By: Martin McCormick (REM Surface Engineering), Marco Bonazzoli (Best Finishing) and Matt Bell (REM Research Group)

Technical Papers and White Papers

Micropitting is a prominent failure mechanism for both highly stressed case carburized gears and bearings that operate consistently in low speed, low load environments where boundary conditions predominate.

Lubricant regime is controlled by lubricant film thickness and roughness. Studies on gears investigating these two critical factors conclude that the surface roughness is more important than the elastohydrodynamic lubrication film thickness.

Superfinishing is an imprecise term usually applicable to technologies which reduce the surface roughness below that of a standard ground condition. Broadly two different approaches are taken; one seeks to maintain the periodic profile and reduce the peak and valley heights. The second seeks to remove the
periodicity and create an isotropic surface profile.

Isotropic surfaces are formed through a variety of planarizing techniques that sequentially reduce the asperity height, starting with the peak asperities.
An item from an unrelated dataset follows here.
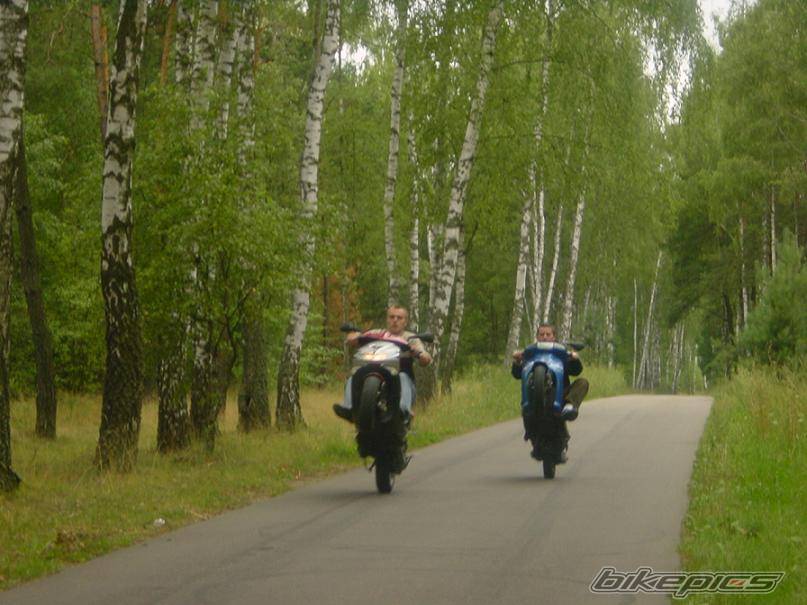 1997 PEUGEOT SPEEDFIGHT | Picture 415435 motorcycle photo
Under mixed lubrication the peak asperities are able to contact during motion, creating friction and surface damage. Removal of these asperities enables the contact to remain in the full elastohydrodynamic lubricant regime more consistently.

Chemically accelerated vibratory finishing is one such subset of isotropic superfinishing. This technique is applicable to a range of metallic parts such as gears and bearings and is able to reduce the Ra <0.1µm and Rz <1µm. It has been shown to have significant positive impact on case carburized gears producing a range of benefits from noise reduction, increased efficiency, and improved lubrication.